US advertising market sees upturn

NEW YORK - There are more signs that the gloom in the advertising industry is lifting as US adspend increased by 1.8% in the first quarter of 2002, with network television recording a gain of 9.2% compared with last year.

The figures, compiled from research by Nielsen Monitor-Plus, show that a total of $17.3bn (£11.8bn) was spent on advertising in the first quarter of 2002, compared with $17bn for the same period last year. This figure covers eight media, including network television, radio, national cable television, magazines and inserts, but not newspapers or outdoor.

Spending by beer and movie advertisers, among the biggest spenders in the US, increased more than any other sector.

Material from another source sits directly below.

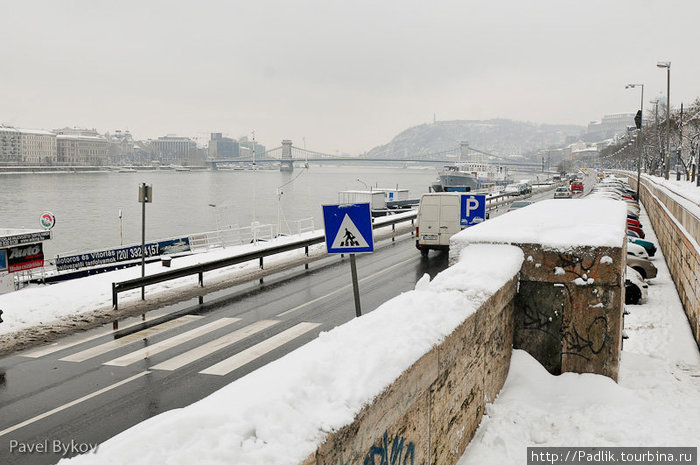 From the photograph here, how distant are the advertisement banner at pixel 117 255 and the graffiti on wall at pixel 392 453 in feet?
93.4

Beer makers spent $250m on advertising for the quarter, an increase of 37%, while studios spent $664m enticing audiences into theatres, a rise of 35% on the same period last year. The automotive sector remains by far the biggest spender on advertising at $1.9bn for the quarter, up 10% on last year.

Although the news is good for the advertising industry, Nielsen Monitor-Plus, which published the research based on its ad monitoring, pointed out that the 9.2% upturn in network TV advertising to $5.3bn coincided with the Winter Olympics, held in February. This distorts comparisons with the previous year.

The news comes as US television networks outline their autumn schedules to the media buyers, trying to secure up-front revenues. No doubt media owners will be hoping the rise in spending will mean they can increase rates in what has been a flat market.

Other media to see an increase in spend were radio, up 5%, and national cable television, recording a modest 0.4% increase. The hardest hit sector was coupons, or inserts, which saw revenue fall by 26.8% over the quarter.

Jeff King, managing director of Nielsen Monitor-Plus, said: "Although much of network TV's increases are credited to the 2002 Winter Olympics in Salt Lake City, the first quarter of 2002 shows an overall modest growth for the eight reported media."